The catalytic hydrogenation method for C9 resin comprised the following steps. 1) A Pt—W—Y/γ-Al2O3 catalyst was added in the first half of a fixed bed, a Pd—Zr—Nd/γ-Al2O3 catalyst was added in the second half of the fixed bed, hydrogen having a high purity of 99.999% was fed into the fixed bed for reduction, and the reduction was performed at 400° C. for 2 hours.


The Pt—W—Y/γ-Al2O3 catalyst was prepared by dipping: dipping a γ-Al2O3 carrier into an aqueous solution of platinum nitrate, tungsten nitrate and yttrium nitrate, where the mole ratio of Pt to W was 1:0.1, and the mole ratio of Pt to Y was 1:0.1; airing at the room temperature, drying for 5 hours in a vacuum drying oven at 150° C., roasting for 4 hours in a muffle furnace at 700° C., and then cooling to the room temperature; and, washing with deionized water until the pH was neutral, and drying at 150° C.


The Pd—Zr—Nd/γ-Al2O3 catalyst was prepared by dipping: dipping a γ-Al2O3 carrier into an aqueous solution of palladium nitrate, zirconium nitrate and neodymium nitrate, where the mole ratio of Pd to Zr was 1:0.1, and the mole ratio of Pd to Nd was 1:0.1; airing at the room temperature, drying for 5 hours in a vacuum drying oven at 150° C., roasting for 8 hours in a muffle furnace at 400° C., and then cooling to the room temperature; and, washing with deionized water until the pH was neutral, and drying at 150° C.


2) The Pretreated C9 Resin was Catalytic Hydrogenated in the Fixed Bed.


The C9 resin was dissolved with cyclohexane at a solubility of 5 wt %, and the solution was passed through a carclazyte filtration column. Insoluble gel, asphaltene and a small amount of free heavy metal were adsorbed onto the carclazyte, and the pretreated C9 resin solution was catalytic hydrogenated.

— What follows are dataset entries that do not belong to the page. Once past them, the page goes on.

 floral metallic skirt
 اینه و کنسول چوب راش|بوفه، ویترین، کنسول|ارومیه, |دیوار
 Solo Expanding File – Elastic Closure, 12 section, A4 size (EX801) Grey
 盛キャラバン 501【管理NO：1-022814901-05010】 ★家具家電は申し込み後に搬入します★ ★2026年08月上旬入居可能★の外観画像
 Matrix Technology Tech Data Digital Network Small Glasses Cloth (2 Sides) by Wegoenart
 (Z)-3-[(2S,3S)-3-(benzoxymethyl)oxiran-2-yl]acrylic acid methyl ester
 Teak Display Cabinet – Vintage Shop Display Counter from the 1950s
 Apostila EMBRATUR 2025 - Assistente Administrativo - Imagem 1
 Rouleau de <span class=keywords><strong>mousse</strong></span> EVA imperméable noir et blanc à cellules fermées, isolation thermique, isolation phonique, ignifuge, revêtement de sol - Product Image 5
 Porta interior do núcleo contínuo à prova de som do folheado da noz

The catalytic hydrogenation conditions were as follows: the reaction temperature was 320° C., the reaction pressure was 25 MPa, the volumetric space velocity was 0.1 h−1, and the volume ratio of hydrogen to C9 resin was 400:1.


As shown in FIG. 2, the carbon-hydrogen absorption peak on the 3019 cm−1 carbon-carbon double bond was obviously less than that on the 3019 cm−1 carbon-carbon double bond in FIG. 1, the bromine number of the C9 resin was decreased from 32.5 gBr/100 g to 3.2 gBr/100 g, and the Gardner chromaticity was 2.8. It indicated that the catalysts were effective for the catalytic hydrogenation of the C9 resin.


Embodiment 2

The catalytic hydrogenation method for C9 resin comprised the following steps. 1) A Pt—W—Y/γ-Al2O3 catalyst was added in the first half of a fixed bed, a Pd—Zr—Nd/γ-Al2O3 catalyst was added in the second half of the fixed bed, hydrogen having a high purity of 99.999% was fed into the fixed bed for reduction, and the reduction was performed at 200° C. for 5 hours.

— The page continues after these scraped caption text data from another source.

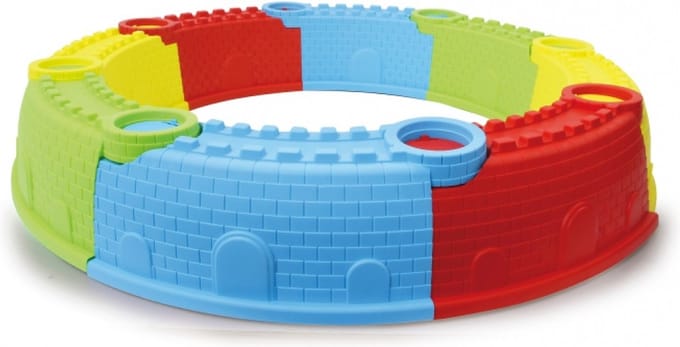 Jamara Zandbak Kasteel 90 X 90 X 14,5 Cm 13-delig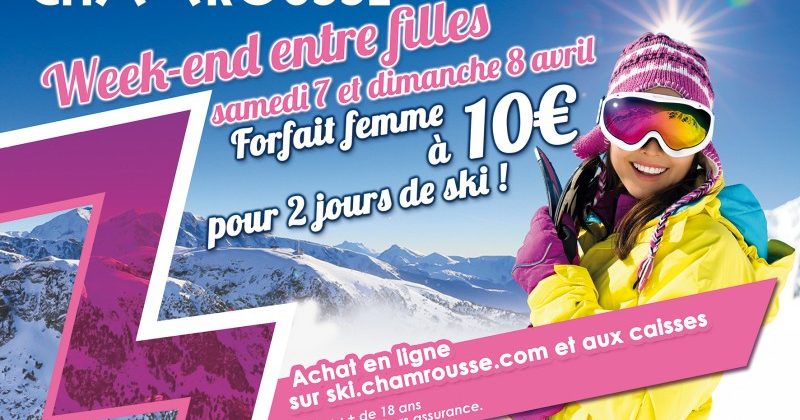 Chamrousse gâte les femmes les 7 et 8 avril prochains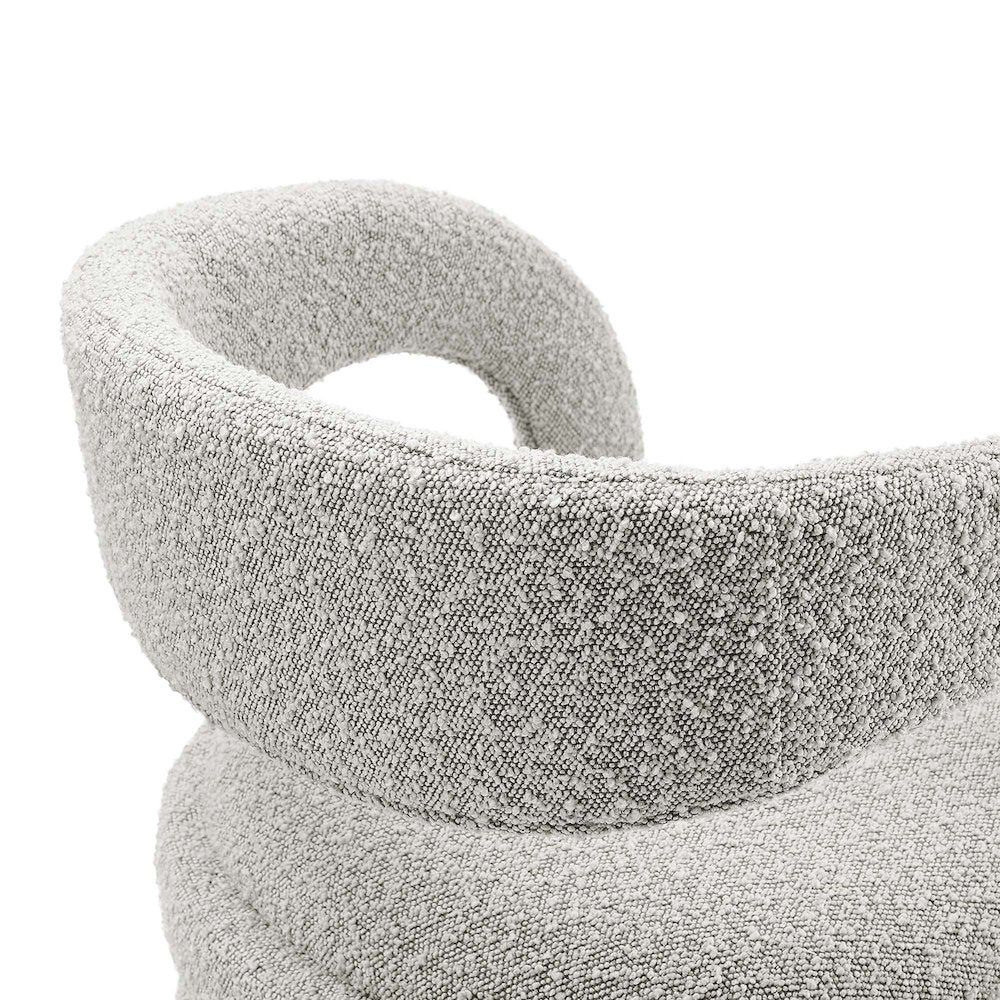 Pinnacle Boucle Upholstered Counter Stool Set of 2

The Pt—W—Y/γ-Al2O3 catalyst was prepared by dipping: dipping a γ-Al2O3 carrier into an aqueous solution of platinum nitrate, tungsten nitrate and yttrium nitrate, where the mole ratio of Pt to W was 1:0.5, and the mole ratio of Pt to Y was 1:0.05; airing at the room temperature, drying for 10 hours in a vacuum drying oven at 100° C., roasting for 8 hours in a muffle furnace at 400° C., and then cooling to the room temperature; and, washing with deionized water until the pH was neutral, and drying at 100° C.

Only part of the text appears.